Do scientists often admit they were wrong?

Captain Amazing: It is sometimes said that science progresses not from paper to paper, but from funeral to funeral. However, as I’ve argued above, this pessimistic opinion is probably at odds with reality.

Here’s a timely article from Freakonomics:link

But I didn’t say “it comes up a lot that a majority of scientists are seriously obstructionist.” You’re attacking a strawman, at least with regards to responding to my post.

What comes up a lot is that INDIVIDUALS have trouble accepting they’re wrong. Which is simply human, and to be expected. We aren’t Vulcans. That’s why we have more than one scientist.

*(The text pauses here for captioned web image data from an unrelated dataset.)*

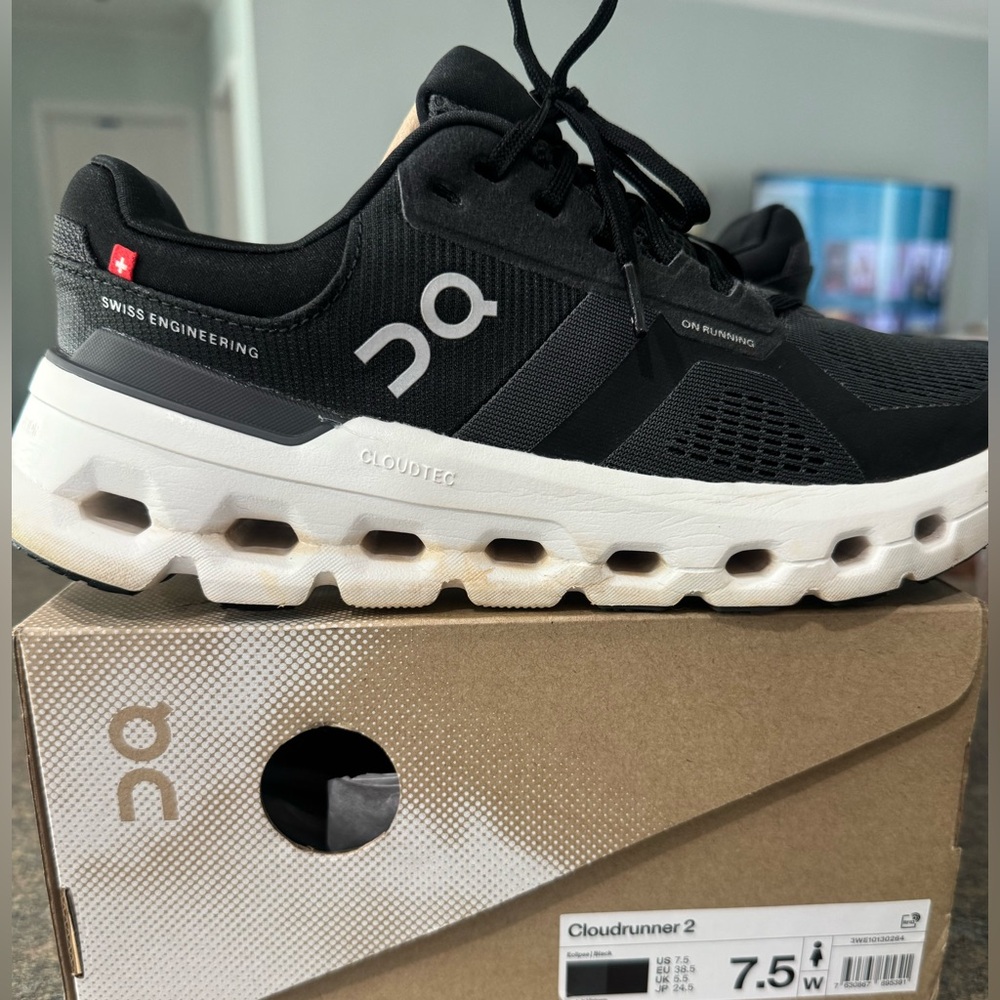 On cloud runner 2 - image 1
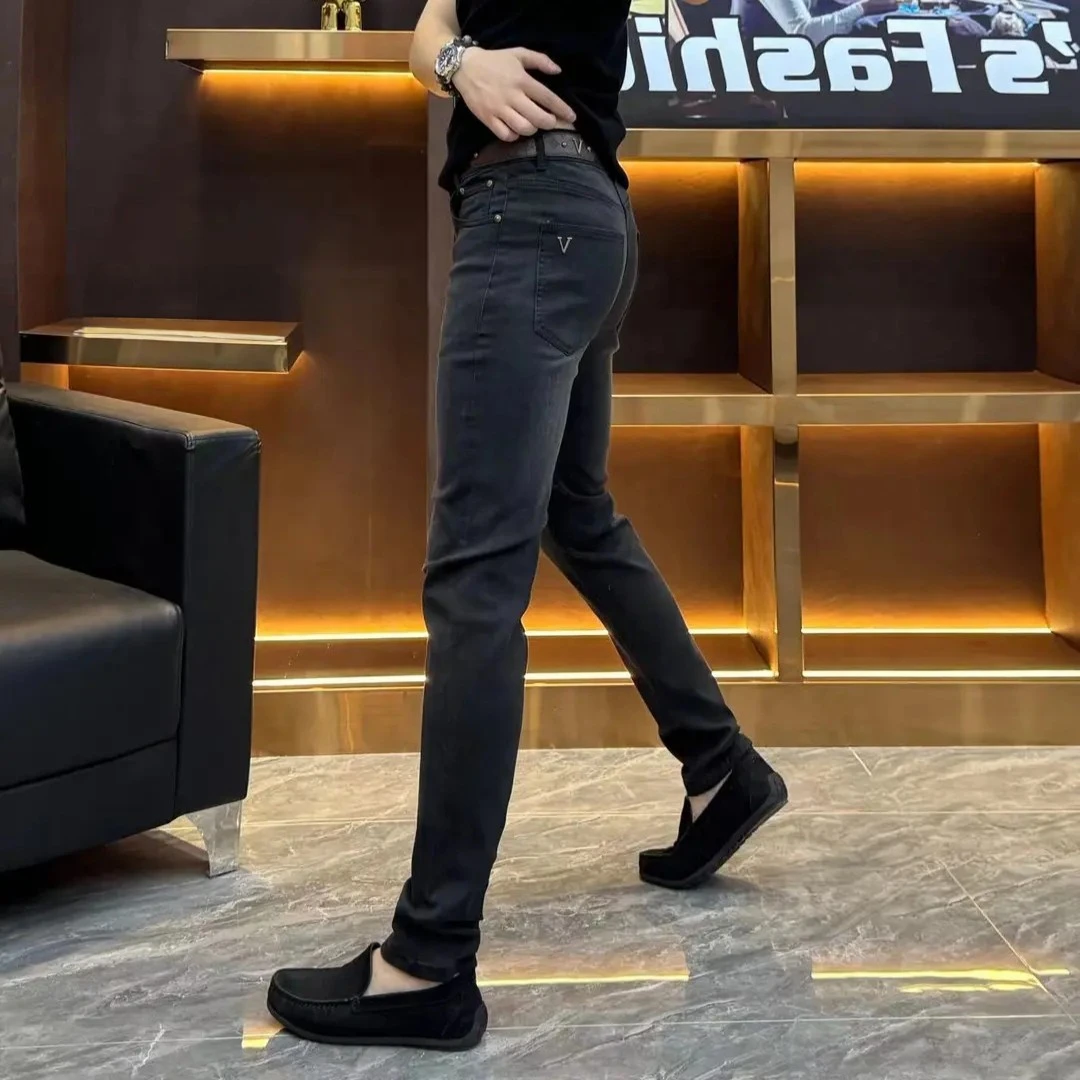 男士立体剪裁修身小脚裤黑色牛仔裤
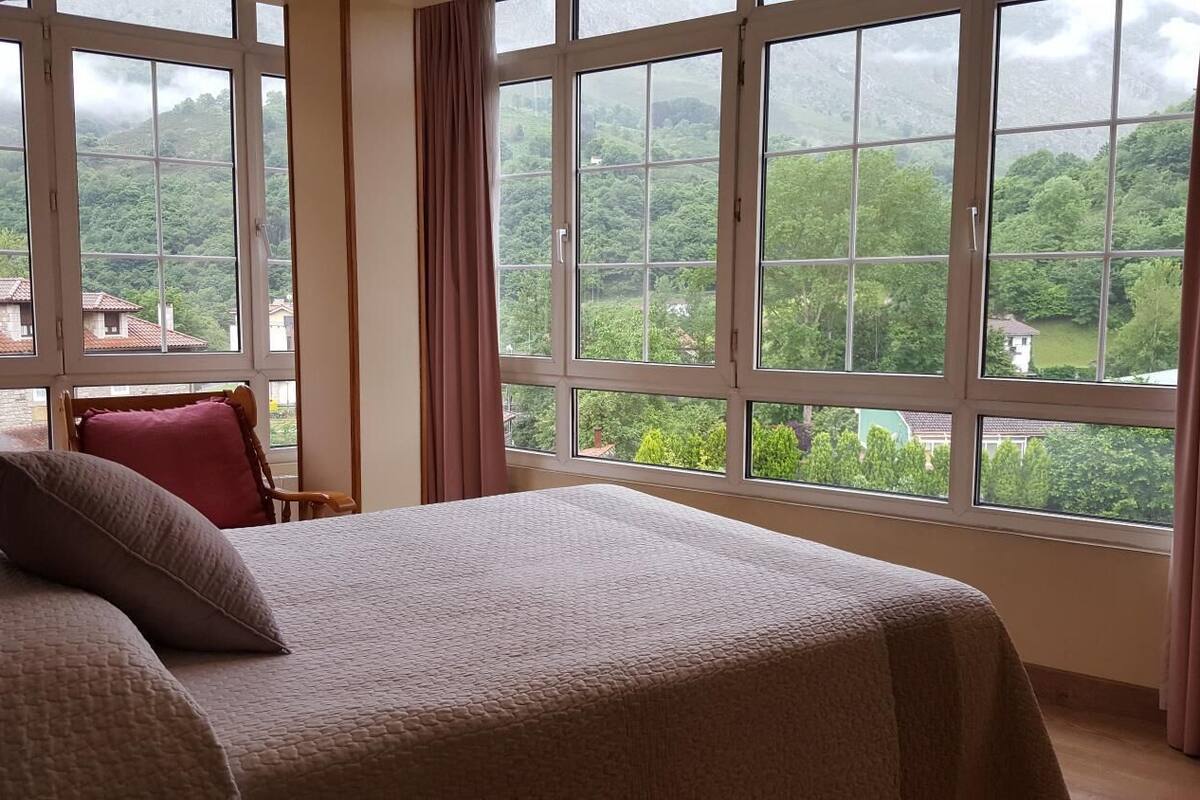 in-room safe, desk, laptop workspace, free wifi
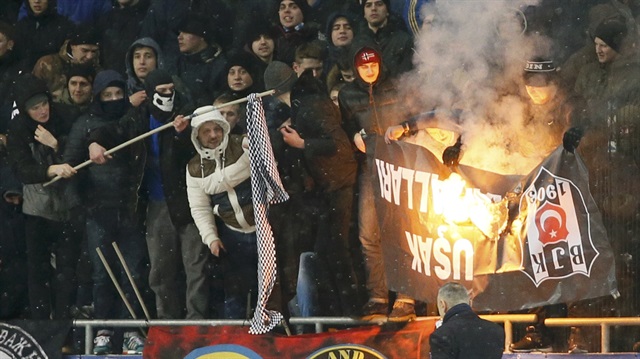 Ukraynalı holiganlar Kiev Olimpiyat Stadı'nda Beşiktaşlı taraftarların pankart ve atkılarını yaktılar. 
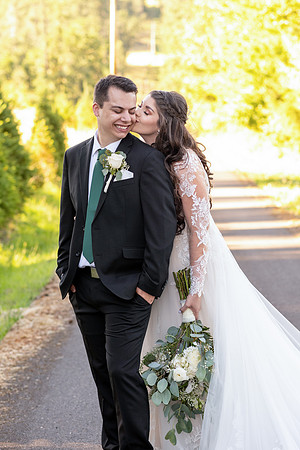 Oregon wedding photographer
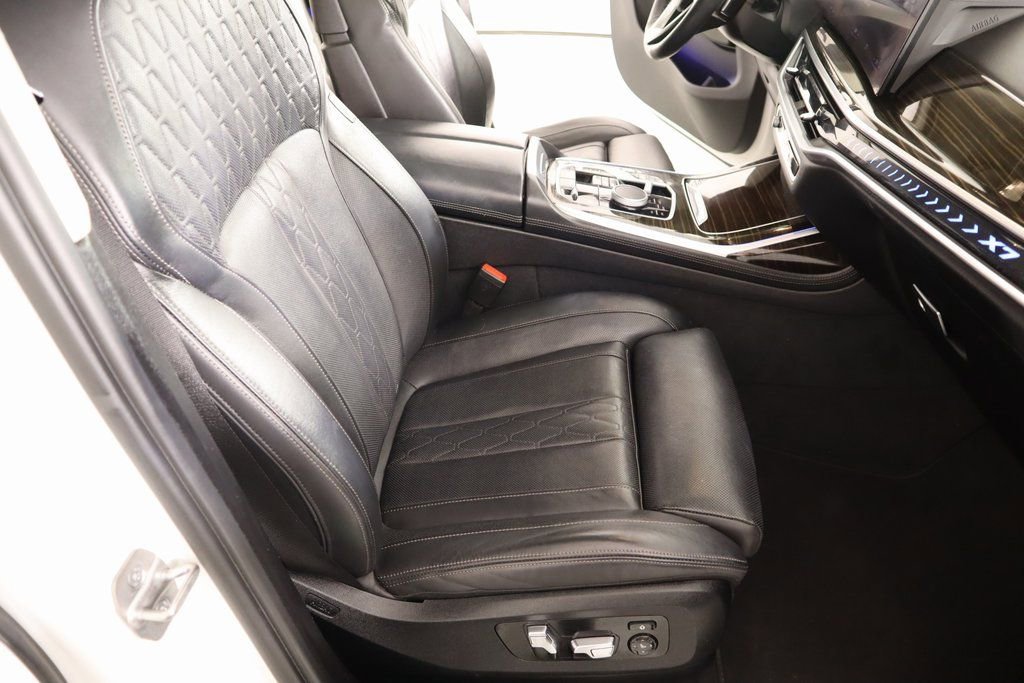 Used 2023 BMW X7 xDrive40i w/ Premium Package image 15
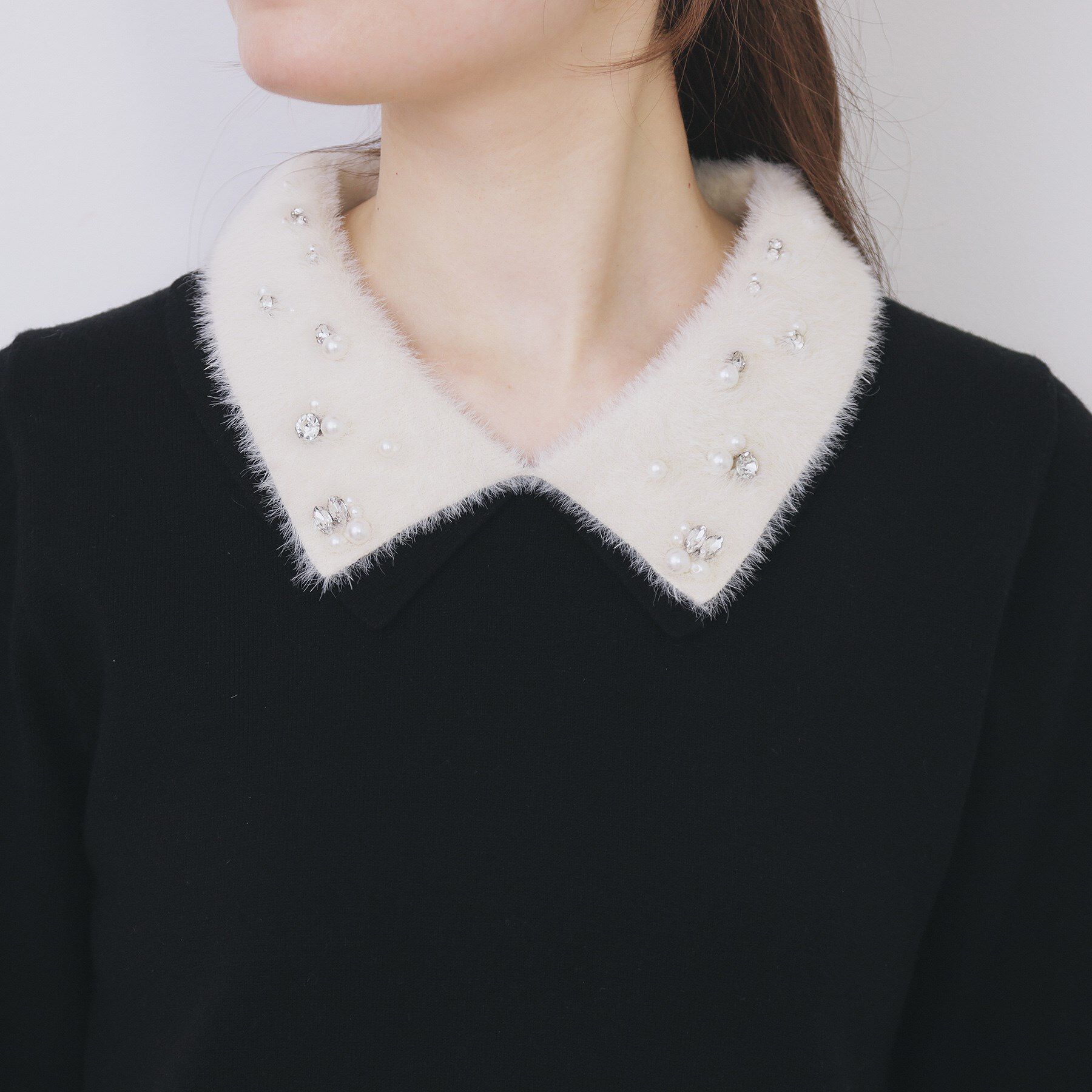 index「ダブルビジューフェザー衿付きニット【洗濯機OK】」|ニット・セーター|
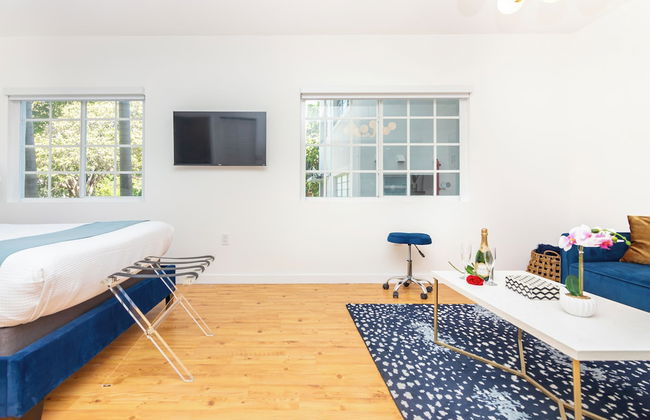 Boutique Apartments Convention Center - Photo 31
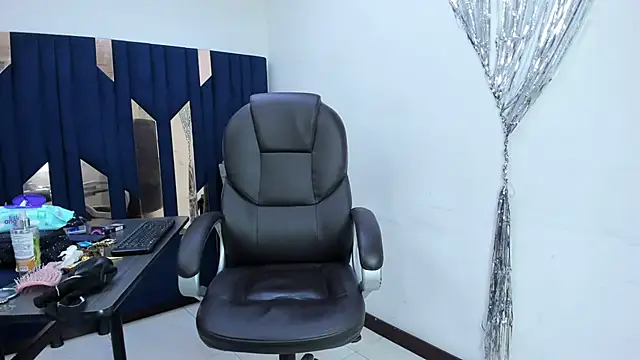 Aisha_hotts777 webcam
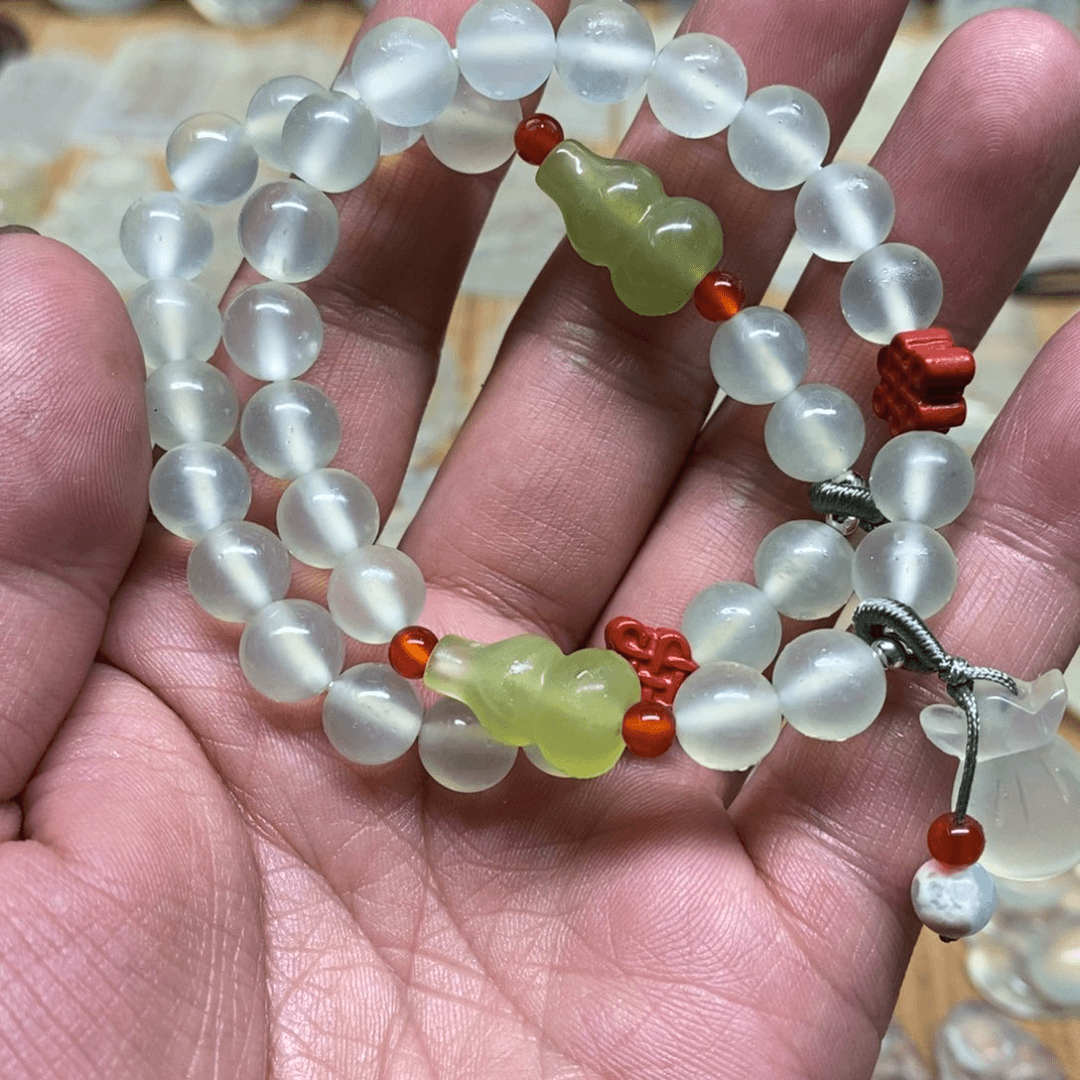 蛇纹石玉颈饰未镶嵌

Good scientists limit being wrong. Those that said the inert gases don’t form compounds were proved wrong about 50 years ago. Those saying the noble gases are not know to form compounds had less error to admit to.

Is there any possibility of a journal dedicated to negative results? Or am I just having a Wormrunner’s Digest moment?

Let me add an affirmation that hell hath no fury like an uncited reviewer. At least sometimes.

Actually the article has been cited 842 times. I guess it comes in handy when you are wrong. :wink:

http://scholar.google.com/scholar?q=Why+Most+Published+Research+Findings+Are+False&hl=en&as_sdt=0&as_vis=1&oi=scholart

Why would they admit they are wrong? They are the chosen ones.

Well, if there was evidence supporting that theory for all 30 years, it is not surprising that a reasonable person stays with it. There are very few cases in which new evidence is clear enough to make tossing old theories the obvious thing to do.

However, I think we are missing the real reason that there are so few admissions - 99% of papers are write-only, and the fact that nothing more gets published on the subject is a tacit admission of either error or lack of support. In most cases someone publishing retractions to the work would be considered attention-whoring. It is different if it is an active area of hot research. BTW, publishing a retraction for something trivial also says that the reviewers weren’t doing their jobs. While their identities are secret, the editor knows and the reviewer knows also. Might get the author a lot of unwelcome attention the next time.

You must have the wrong thread-- This is the one about scientists.